Written by Kerry Brown.

Do Chinese leaders have to believe anything? After all, unlike their western counterparts, they don’t have to engage in battles over ideas and approaches during an election campaign, nor are they rudely exposed to forensic intellectual examination in the way that politicians in the US, Europe or other democracies are when they stand for power. The Communist Party of China exists almost to give them a ready made body of ideas that everyone assumes they buy into without too much internal self reflection. In the West, anyone starting out in politics has to at least, at the start, decide whether they are left, right or centrist. In China, if you go into politics then there is one valid choice. The only real issue is whether or not you go into politics, not what you believe if you do so.

And yet, the Party ideology is very broad, and when it comes down to details there is plenty of space for difference. That is why we often talk of the left and the right in China. There are those who adhere to stricter state involvement in the economy, and those who think this should be looser. In the current Politburo Standing Committee, Zhang Dejiang occupies a position more on the left. He has spoken in the past of the threat that non state companies pose, and the need to maintain control over then – hardly surprising for someone trained as an economic in North Korea. Someone like Li Keqiang occupies a more right leaning place. He has written mostly about the need to unleash more domestic growth in China by encouraging all forms of business enterprise, state or not state. Liu Yunshan, head of ideology, would probably be regarded as pretty conservative in the West – the most orthodox of the orthodox, who believes in party control of the state, and state control of the information sector. Zhang Gaoli balances this by occupying a more business friendly, free market space – witness his recruitment of companies during his years in Fujian and then Shenzhen before he went to be party head in Shandong and Tianjin and unleashed staggering high levels of growth.

Yu Zhengsheng, going from the few detailed statements he has put his name to, is more to the traditional left. His tragic family history (his sister probably committed suicide in the Cultural Revolution, and his family suffered badly then because of his late father’s links to Mao’s wife Jiang Qing) means that he has made qualified statements about the past before 1978, but his views are probably that the state, centralized control and a command economy model over complete marketisation are good things. Balancing him out is Wang Qishan, more on the right, someone who impressed American policy makers with his pragmatism and economy literacy when in charge of the strategic dialogue with then before 2012.
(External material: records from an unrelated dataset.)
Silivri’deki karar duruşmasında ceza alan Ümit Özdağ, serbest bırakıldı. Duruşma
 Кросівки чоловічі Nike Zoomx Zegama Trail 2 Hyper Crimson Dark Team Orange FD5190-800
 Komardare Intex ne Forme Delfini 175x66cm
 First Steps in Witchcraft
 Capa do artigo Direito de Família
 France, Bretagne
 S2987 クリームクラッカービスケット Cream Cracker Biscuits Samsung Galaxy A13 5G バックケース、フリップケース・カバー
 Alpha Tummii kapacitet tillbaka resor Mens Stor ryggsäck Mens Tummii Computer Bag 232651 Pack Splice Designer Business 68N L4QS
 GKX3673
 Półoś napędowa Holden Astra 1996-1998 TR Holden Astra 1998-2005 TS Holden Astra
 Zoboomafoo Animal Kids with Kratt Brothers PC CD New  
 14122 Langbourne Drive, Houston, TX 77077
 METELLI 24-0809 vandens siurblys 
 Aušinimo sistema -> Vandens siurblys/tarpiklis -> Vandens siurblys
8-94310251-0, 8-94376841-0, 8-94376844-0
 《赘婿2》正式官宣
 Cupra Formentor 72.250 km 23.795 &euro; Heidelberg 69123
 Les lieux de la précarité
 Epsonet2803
In this situation, balanced between those who are supportive of the non state sector, of deeper marketisation and more economic liberalism, Xi Jinping has the casting vote. But his political position is the hardest to describe. The thing he has consistently spoken about and showed the deepest commitment to over the last two decades is the essential role of the Party, and its historic mission as the unifier of China, the key institution that can make China a `rich, powerful and strong country.’ It seems that he has inherited this conviction from his father, and it is a very personal one. This profound emotional link with the Party, through his family and his own history, is evidently strong enough for him to sanction the attack now on a whole number of different figures and networks who he evidently regards as not sharing this view and threatening the Party’s moral mandate. But whether you could place Xi in a left or right or even broadly centrist position is a moot point. Like skilled politicians in the West, he has mastered the art of talking a lot and managing to say very little specific. He is the current leadership’s great dispenser of ambiguity.

Whether we can see beyond the surface appearances of these leaders to anything we might call their inner life is another question. In a world where so much is controlled, managed and concealed, Chinese leaders give very few clues about what lies behind the masks they wear. Perhaps the masks are all that really exists, and there is no real inner conviction necessary. But I suspect that this is not the case. The Communist Party of China and its current structures of power are highly specific, in some details, but there is still a strong role for the universal qualities of ambition, animosity, fear, anger and the other passions we see in politics across geography and history. Xi is proving to be an interesting leader because there is this hint lurking behind his public persona of someone who is prone to these emotions. He seems to have strong likes and dislikes, and takes risks propelled by these. Unlike Hu Jintao who practiced self mastery to such an extent it became a self abnegating art form, Xi’s image is not so placidly controlled. And with the pipeline of major issues demanding tactical decisions in the coming months and years, we are likely to see more and more into Xi’s inner world as China enters a period when the raft of core decisions the leadership will have to make means that conviction politics of a former age starts to make a comeback.

Kerry Brown’s The New Emperors: Power and the Princelings in Modern China was published by I B Tauris in June.